Well said Demian, that sentence goes a long way. The justice and ethics easily extend into nearly all everything our secular society embraces so dearly, like environmentalism, personal liberty, and the rule of law. Without God as the final and true standard, all of that other stuff is nonsense.
The validity of any measurement relies on its traceability to a standard. The standard must exist independent of that which is measured. If human affairs are measured by a standard of human affairs then there really is no measurement, only chaos.
Whether you believe or not, we are all fortunate to have, and benefit from, the standard that is God. I find that a compelling reason to believe.
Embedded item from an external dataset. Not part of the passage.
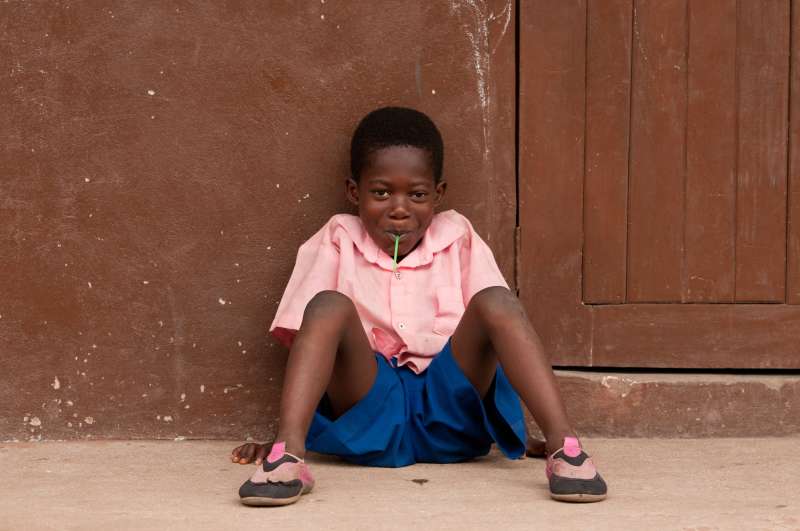 Child in pink chewing a stem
Finally, just to keep this comment in perspective, we can intellectualize all we want about this stuff but even the best human intellect (of which I am not a possessor ) cannot encircle God. I have faith in that.
Demian,
Thank you for writing this, really. I know you could’ve written an article that blatantly lashed out at non-believers, essentially saying “na-na-na-na-boo-boo, look who deconverted from atheism now”. But you didn’t, and I appreciate that.
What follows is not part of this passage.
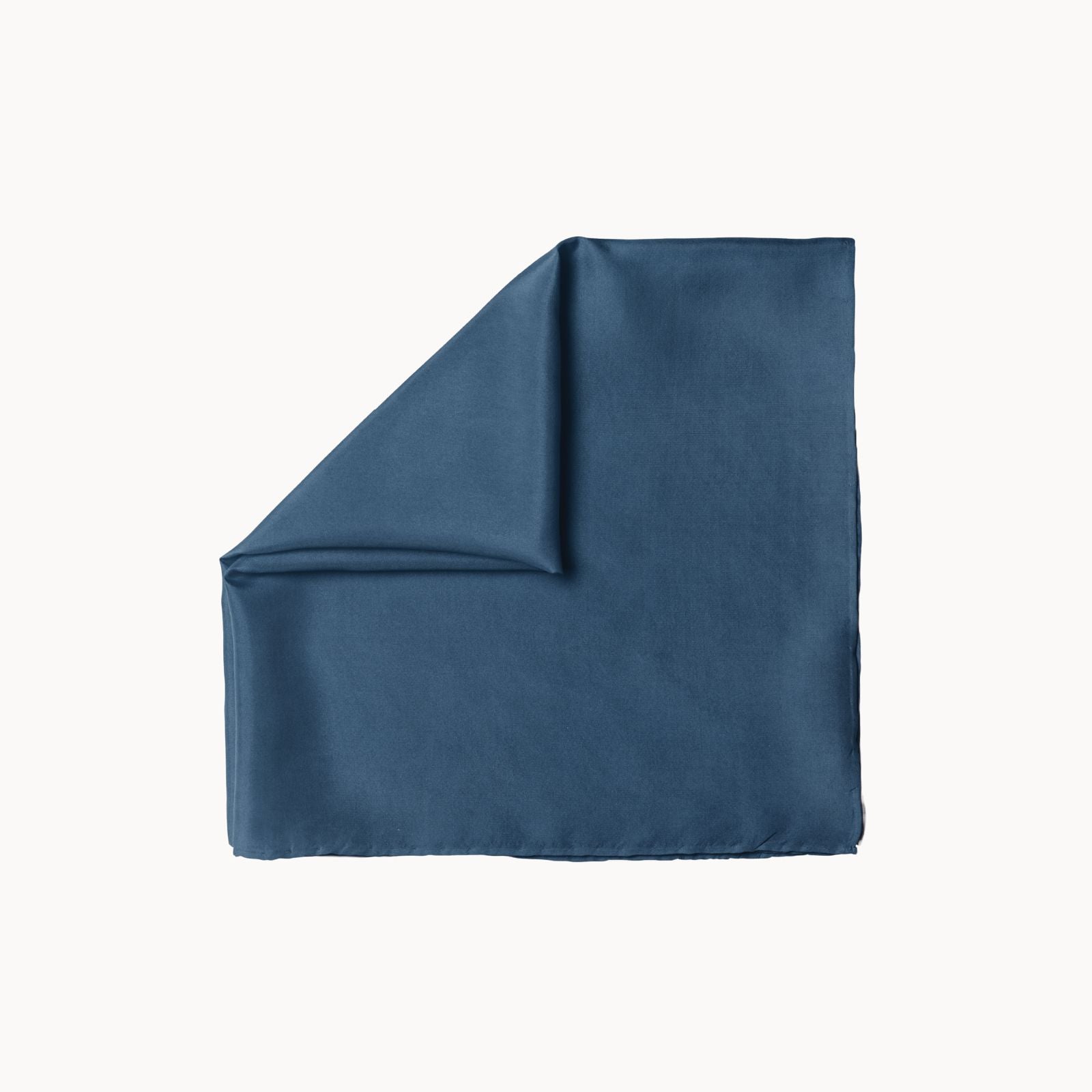Folded square silk headscarf in a cool blue lagoon tone, offering a smooth, fluid texture with a refined satin finish, elegantly positioned on a white background.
However, I do have some questions about Wilson’s account and some questions about some of your statements.
“But there was just one thing. He couldn’t shake the sense that there was more to life than just material.”
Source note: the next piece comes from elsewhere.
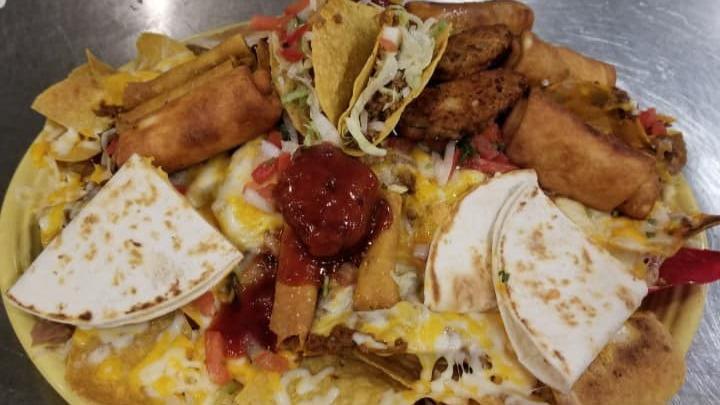 Botanas Varias · An exciting sample of our delicious appetizers: mini tacos, cheese quesadillas, chipotle chicken wings, mini chimichangas, taquito bites, jalapeño poppers, on a bed of nachos. Serves two-four amigos who can't make up their mind.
Almost every human being feels thing by sense, but our senses are prone to mislead us quite often. What I want to know is not, do I sense that there is more to life than just the material; but rather: is there any evidence that there is more to life than the material?
“What Wilson found was that after the novelty of his dramatic abandonment of faith wore off, he felt bleak and muddled more than ever. Religion wasn’t about argument alone. Religion embraced the whole person. Body and soul.”
I’m not here to chide Wilson for his emotions – actually, I sympathize with him and I think his trauma is understandable. I felt some of the same emotions shortly after my deconversion – I underwent an existential crisis of sorts, and at some times I felt depressed, and sometimes I felt directionless, at first. Religion can help give a framework for human meaning and community and experience – but I have come to believe this framework cannot explain many realities of our existence. It’s not that all religion is an inherently bad framework, but the idea of reducing the entire universe to a single framework, especially one that seems to have its share of contradictions and absurdities, became untenable for me.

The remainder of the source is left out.